Libyan leaders, who were furious as well as nervous, not only detained the medics but also accused them of infecting the children on the orders of foreign secret services. The Libyan tragedy and the anguish of parents have evoked sympathy for the affected families and a desire to help. But the world medical community and ordinary citizens are protesting against the Libyan government's incitement of mass panic and conspiracy theories to cover up their own failure to deal with the country's AIDS outbreak. People in Russia remember well the notorious trials of killer doctors in the middle of the last century, when prominent medical professionals faced similar accusations. They were charged with giving the wrong treatment to famous cultural and government figures on the instructions of Western intelligence services.

The situation in Libya is not black and white. The nurses retracted the confessions they had made at the trial on the grounds that they were extracted under torture. Those who tortured them were also tried, but they were acquitted.

The tragedy is spilling over into Europe, primarily Bulgaria, where the trial is perceived not as an act of justice but a way to satisfy the dark instincts of the furious mob. Having conducted an inquiry at the Al-Fatih Children's Hospital in Benghazi, where the foreigners worked, independent experts have concluded that children had started to become infected even before the arrival of the Bulgarian nurses. At worst, they could be guilty of neglect, but not deliberate malpractice.

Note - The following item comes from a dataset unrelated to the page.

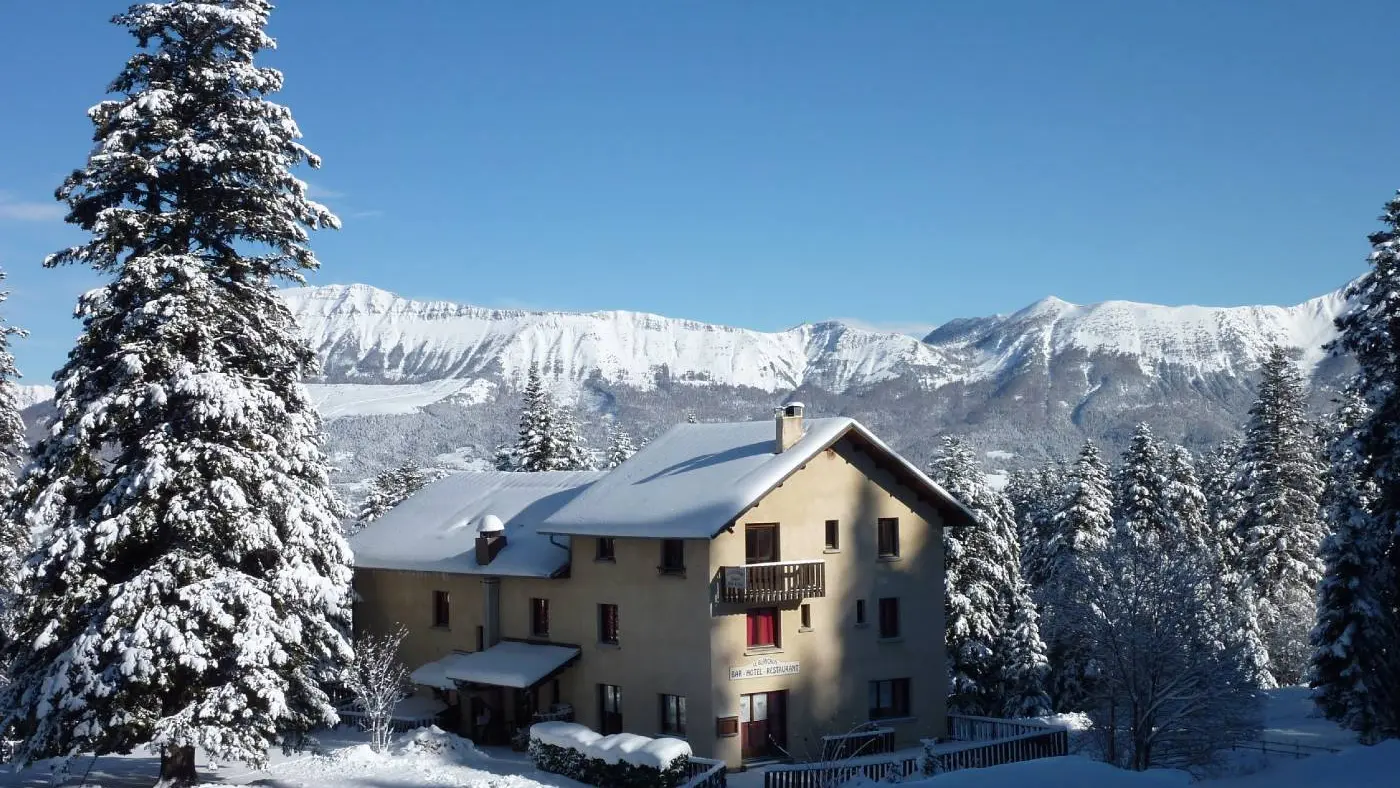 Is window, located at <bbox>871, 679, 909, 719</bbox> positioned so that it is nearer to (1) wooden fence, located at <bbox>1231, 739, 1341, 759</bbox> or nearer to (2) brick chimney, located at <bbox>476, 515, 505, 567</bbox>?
(1) wooden fence, located at <bbox>1231, 739, 1341, 759</bbox>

American experts have come to the conclusion that the charges were concocted in order to deflect anger from the inept Libyan health service. Children were infected because of neglect and bad sanitary conditions.

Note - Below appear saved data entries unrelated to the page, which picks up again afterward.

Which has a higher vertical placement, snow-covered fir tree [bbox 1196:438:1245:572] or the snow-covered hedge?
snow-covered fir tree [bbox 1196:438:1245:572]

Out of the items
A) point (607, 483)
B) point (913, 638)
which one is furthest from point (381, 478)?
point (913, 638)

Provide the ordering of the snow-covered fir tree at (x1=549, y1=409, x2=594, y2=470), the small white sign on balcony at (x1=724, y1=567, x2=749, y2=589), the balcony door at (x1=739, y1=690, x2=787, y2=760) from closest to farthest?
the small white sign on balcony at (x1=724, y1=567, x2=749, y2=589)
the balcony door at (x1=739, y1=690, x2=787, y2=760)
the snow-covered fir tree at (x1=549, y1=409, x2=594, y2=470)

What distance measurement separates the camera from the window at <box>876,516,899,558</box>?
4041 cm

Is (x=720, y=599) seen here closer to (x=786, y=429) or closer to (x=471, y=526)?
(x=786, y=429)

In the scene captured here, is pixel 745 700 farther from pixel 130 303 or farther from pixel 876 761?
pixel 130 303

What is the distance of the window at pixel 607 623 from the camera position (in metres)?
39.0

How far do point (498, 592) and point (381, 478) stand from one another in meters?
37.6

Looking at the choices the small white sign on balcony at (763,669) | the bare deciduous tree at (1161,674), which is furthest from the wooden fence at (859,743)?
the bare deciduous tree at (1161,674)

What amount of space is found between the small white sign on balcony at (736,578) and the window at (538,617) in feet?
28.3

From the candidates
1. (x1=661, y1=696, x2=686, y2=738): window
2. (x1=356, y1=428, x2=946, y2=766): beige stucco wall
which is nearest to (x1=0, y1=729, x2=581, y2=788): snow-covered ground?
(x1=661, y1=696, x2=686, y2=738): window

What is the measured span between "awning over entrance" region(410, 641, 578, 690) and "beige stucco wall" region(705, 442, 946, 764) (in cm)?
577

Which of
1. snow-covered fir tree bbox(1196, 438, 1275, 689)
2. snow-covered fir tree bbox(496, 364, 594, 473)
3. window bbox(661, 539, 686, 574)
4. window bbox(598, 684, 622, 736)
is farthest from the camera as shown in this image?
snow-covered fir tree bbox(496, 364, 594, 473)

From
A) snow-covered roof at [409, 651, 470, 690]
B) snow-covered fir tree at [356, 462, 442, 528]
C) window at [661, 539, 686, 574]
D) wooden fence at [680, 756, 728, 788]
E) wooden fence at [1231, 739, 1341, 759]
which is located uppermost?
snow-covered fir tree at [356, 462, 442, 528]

There is an obvious parallel between the Soviet trials and what is happening now in Libya. They were both made possible by the same mechanisms of a totalitarian state. Instead of revealing the real reasons for the tragedy, it is being reduced to a conspiracy deserving of the death penalty. When the HIV epidemic broke out in Al-Fatih because of reused syringes and droppers, Libya's isolated leaders immediately said it was part of a plot against a "freedom-loving country."

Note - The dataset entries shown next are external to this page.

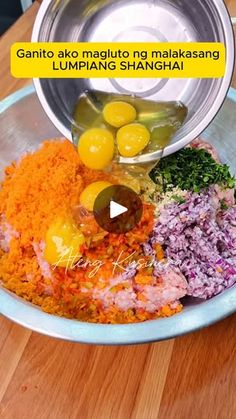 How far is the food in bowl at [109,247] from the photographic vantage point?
93 cm

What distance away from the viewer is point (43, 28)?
0.93m

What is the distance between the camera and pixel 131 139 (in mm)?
955

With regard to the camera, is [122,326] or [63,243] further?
[63,243]

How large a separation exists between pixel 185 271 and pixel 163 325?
170 mm

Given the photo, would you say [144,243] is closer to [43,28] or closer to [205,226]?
[205,226]

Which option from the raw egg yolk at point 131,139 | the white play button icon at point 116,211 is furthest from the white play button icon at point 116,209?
the raw egg yolk at point 131,139

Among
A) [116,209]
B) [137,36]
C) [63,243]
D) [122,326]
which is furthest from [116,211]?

Over the past few years, the European Union and Bulgaria have done a lot to help the victims in Libya. Brussels is funding the reconstruction of a children's hospital for HIV-infected children; Italy has invited them to go there for medical treatment. The wife of French President Nicholas Sarkozy made an unprecedented foray into international affairs recently by visiting the five Bulgarian nurses condemned to death in Libya. She went to Tripoli, where she met twice with the Libyan leader, Col. Muammar Gaddafi, and his daughter, who is in charge of women's issues.

Russia is also playing an active role in helping the accused medical workers. The Russian Foreign Ministry has published a statement asking the Libyan leaders to take a humane approach to the problem. Russian medical workers have expressed solidarity with their imprisoned colleagues.

Experts believe that Libya is deliberately dramatizing the situation to extract as many concessions as possible. In exchange for a pardon, Tripoli would like to join a treaty on partnership between the European Union and North African countries. This would finally put an end to Libya's isolation and give a major boost to its development.

There is a chance that they will be pardoned. The convicted are pinning their last hopes on the Supreme Judicial Council of Libya - the last body that can commute the death sentences. Russia and Bulgaria are hoping that it will do so.

The opinions expressed in this article are the author's and do not necessarily represent those of RIA Novosti.